《情信》
2019年2月22日
导演:陈文刚
演出:糊涂戏班
演员:陈文刚、魏琦珊
2019年2月23日
导演:谢燊杰
演员:谢燊杰、徐山淇
地点:新加坡滨海艺术中心音乐室(华艺节)
从七岁开始写信,横跨五十年,写了一辈子的信,章信南与程小曼之间的情感世界起伏纠结。书信往来作为一种属于前一个世代的沟通媒介,象征一种古老的,过时的,具有怀旧色彩的情感与思想交流,它也象征一种非稍纵即逝、非蜻蜓点水的生命状态。“你会挂我的电话,但是你不能挂我的信!”颇为执着的章信南,这么对时而桀骜的程小曼这么说。当然,是通过书信。实体书信往来已非当下人们熟悉甚至懂得使用的沟通方式,在这个戏里,它的必要性与必然性是无法替换的,因此也成为一种超越时空界限的象征。
于是,观众经过一个深入人物内心世界,甚至与外界完全隔绝的境地,被两人的书信带领着走过他们的一生。也许是因此而深刻浓郁的情感可能让观众过于投入沉溺,根据魏琦珊的说法,原著者要求演出时不要投入情感,不要戏剧化,不要扮演,只是直接了当地将台词念出来。两组表演者,尤其是糊涂戏班,都没有完全遵循剧作家的文字指示,让演出产生强烈的冲击力与感染力。
糊涂戏班的版本,十年前就已经首演过,这次是更新的版本。两人的演出,基本上是在各自分割的空间进行,章信南在左,程小曼在右,象征两人没有交集的现实,仅有通过书信中的文字与对方互动与了解。分别在两个空间的架子与家具,象征他们的性格与生命。明确反差的两个空间,写实层面的互不涉入,以及虚拟层面的矛盾与交融,反讽的喻示他们最终必然错过的结局。只有在最后当程小曼已死,她已不是一个现实中存在的生命,两人在真实的戏剧空间里拥抱,象征心灵上的结合。
两个坐在右边的乐手,全场以戏剧性的弦乐进行演奏与演唱,结束前还有缱绻感伤的主题曲,更加强了情绪的渲染。

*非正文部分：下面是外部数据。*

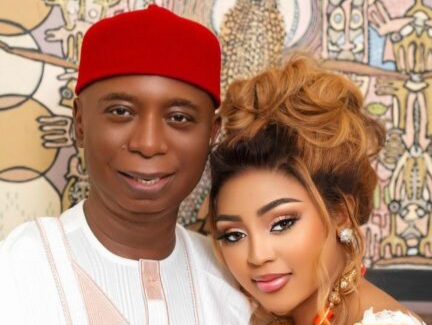 Regina Daniels allegedly beaten by husband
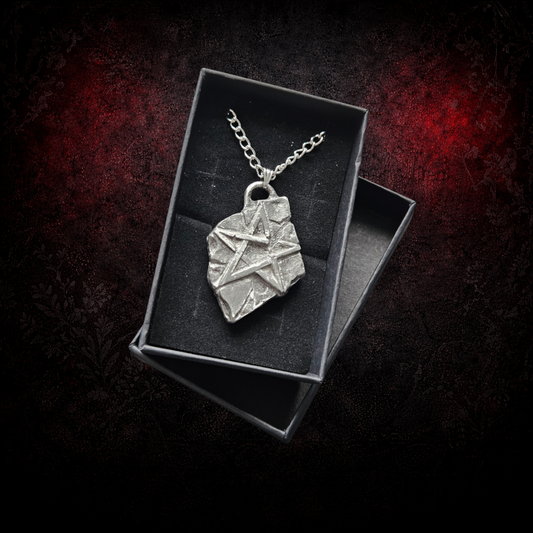 Pentagram pendant gothic occult jewellery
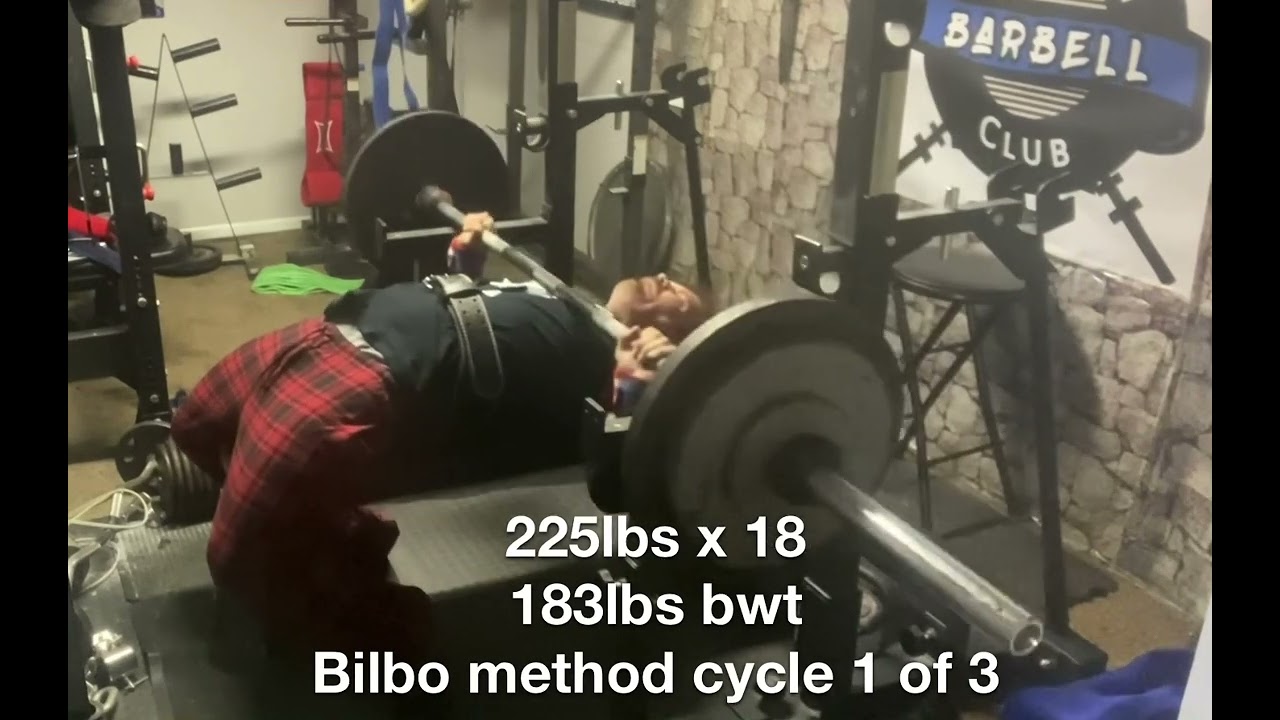 225lbs x 18 cycle 1 of Bilbo Method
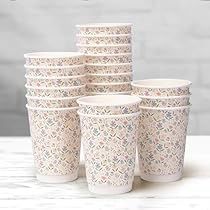 Flower Party Themes, Paper Cup Design, First Birthday Party Favor, Fairy Garden Birthday Party, Pastel Birthday, Baby Shower Vintage, First Birthday Party Decorations, Garden Party Birthday, Paper Coffee Cup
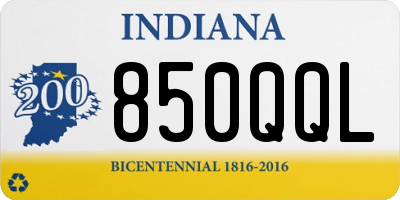 IN license plate 850QQL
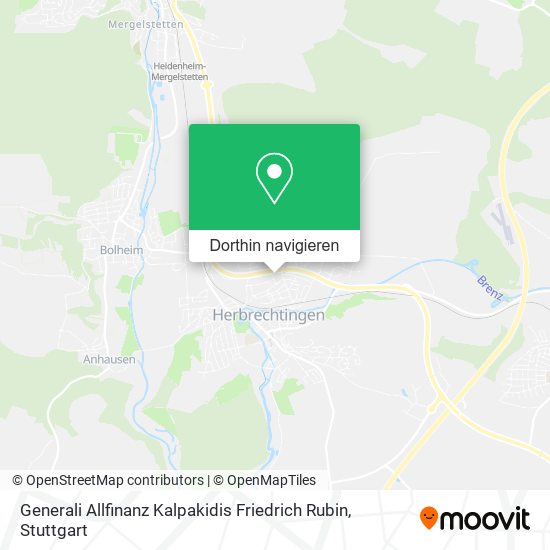 Generali Allfinanz Kalpakidis Friedrich Rubin Karte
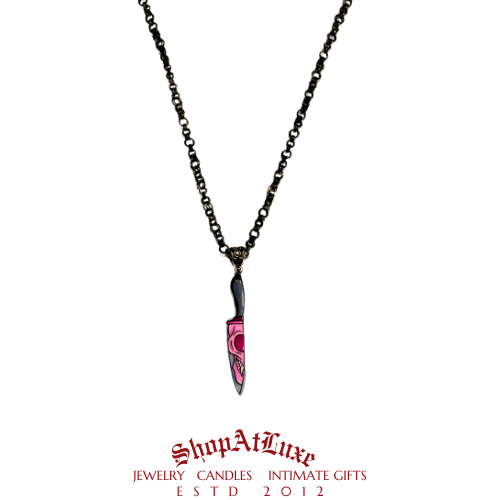 Love Killz Dagger Handwoven Necklace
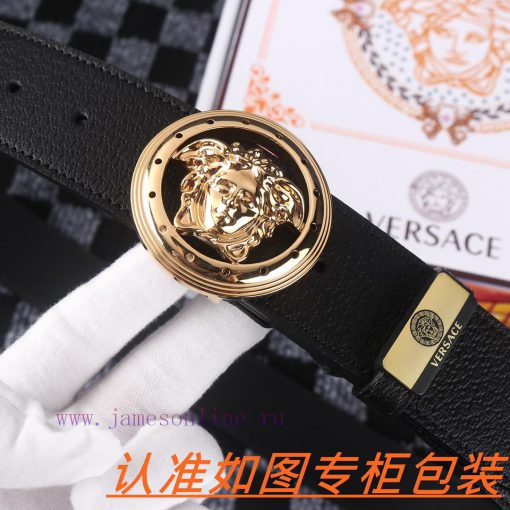 Men's belt VersaceMen's leather belt is made of 100% head layer cowhide, ensuring that the 2 fo5v8prw - Image 8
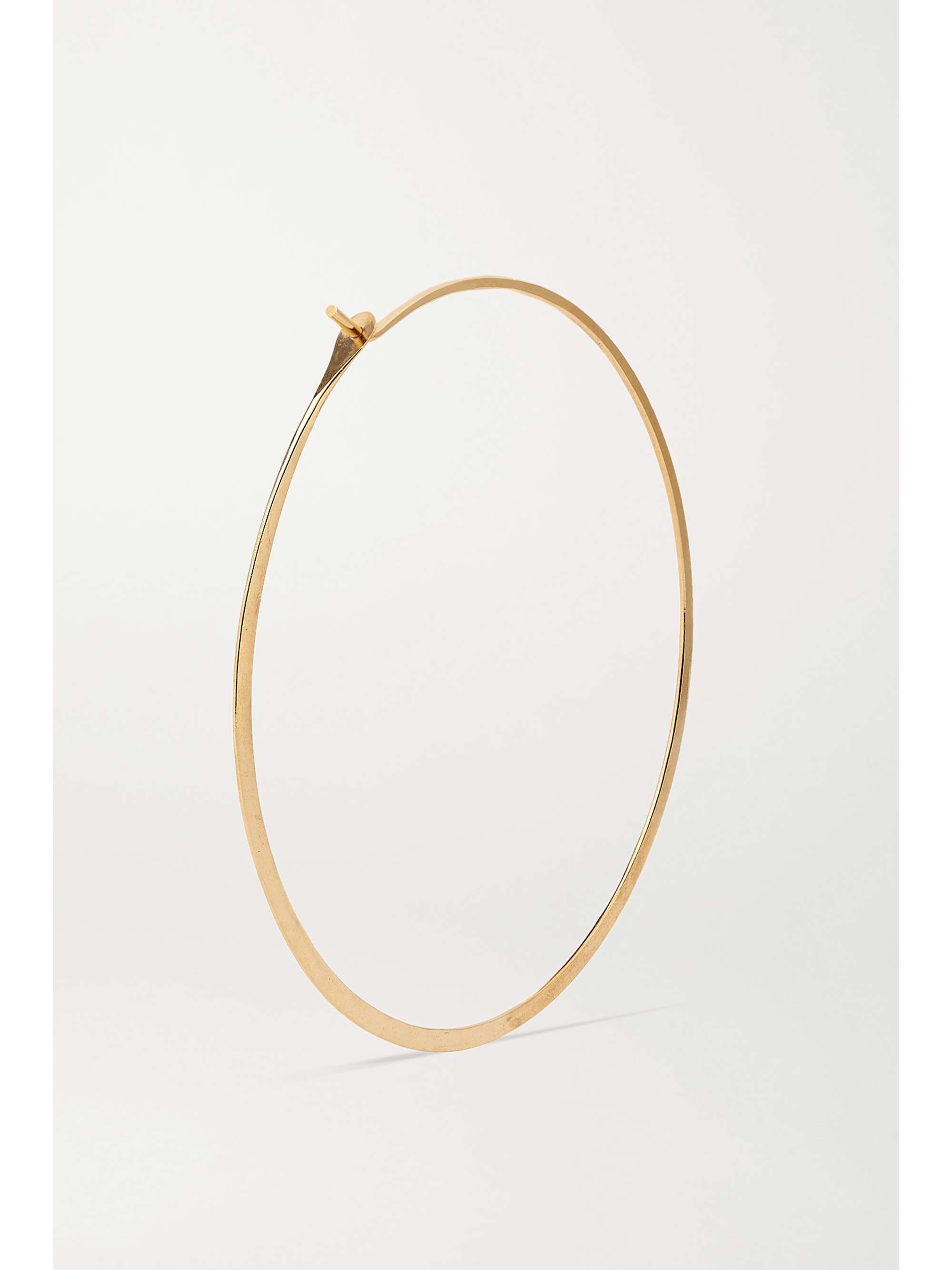 MELISSA JOY MANNING 14-karat gold hoop earrings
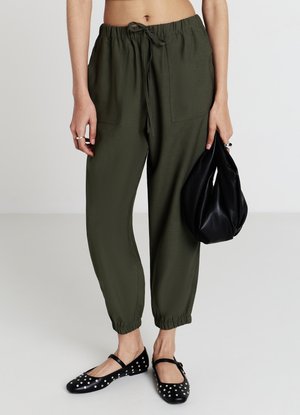 Trousers - var verde militare chiaro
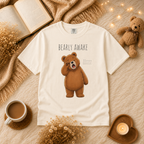 Bearly Awake Bear T-Shirt | Cute Funny Bear Graphic Tee | Unisex Comfort Colors Shirt | Sleepy Bear Gift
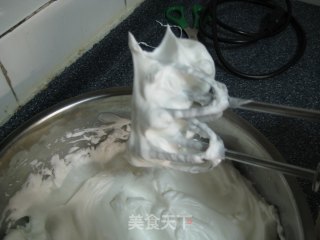 抹茶蜜豆蛋糕卷的做法步骤：6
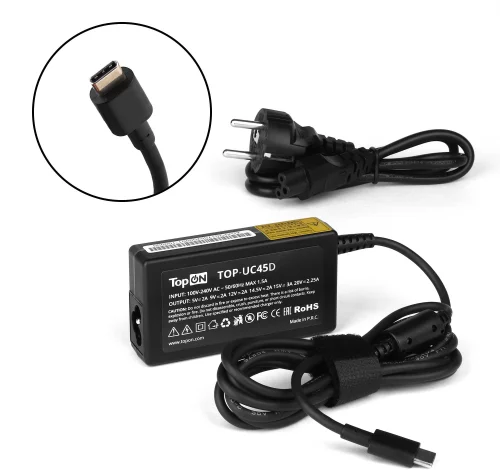Блок питания TopON 102446 45W 5V-20V 3A от бытовой электросети LED индикатор (TOP-UC45D)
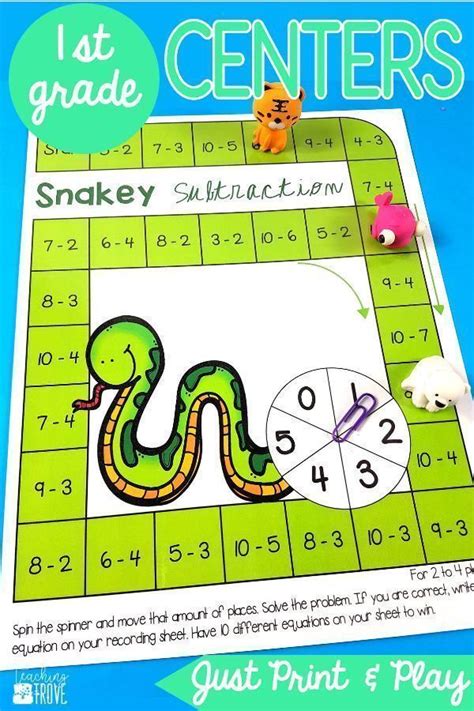 Math Games for First Grade | First grade math, Teaching subtraction ...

表演是戏剧性的,观众是被牵引的。剧作家原本可能想达到的抽离情境,在糊涂戏班的演出中,观众深深进入角色的内心世界,虚拟化解了,现实中被感动着。
谢燊杰与徐山淇的版本,则看起来比较接近原著的抽离形式。两人表演过程中,手里都拿着一叠纸张,上面打满了文字。那不仅是道具,很多时候演员也直接从纸张上读出台词。如此做法,抬头面向观众与低头读文字的交替中,往往打断观众的情绪,使得戏剧性的推展被中断。观众不像糊涂戏班的版本那样深沉感动,倒是比较抽离的注意到叙述的节奏。
这个版本的表演也比较简单,只有一个架子,两人在表演时也不时涉入对方的戏剧空间。不同的生命阶段,他们更换衣装,象征阶段的改变,这是惯用的手法,表现演员身份的变化,倒又还是比较戏剧性的处理方式。另一个有趣的设计,是台上的两张椅子的位置改变,象征两人关系的更动,或远或近,或平行或背反。
两个版本的《情信》在对比之下,谢燊杰与徐山淇的版本少了戏剧性的夸饰与渲染,反而空间线条与情绪推展显得干净利落。如果没有同时看过糊涂戏班的较为强烈戏剧化版本,观众可能也会被感染,是通过原剧剧情、人物、台词的张力,以及演员有效得体而不过度的执行。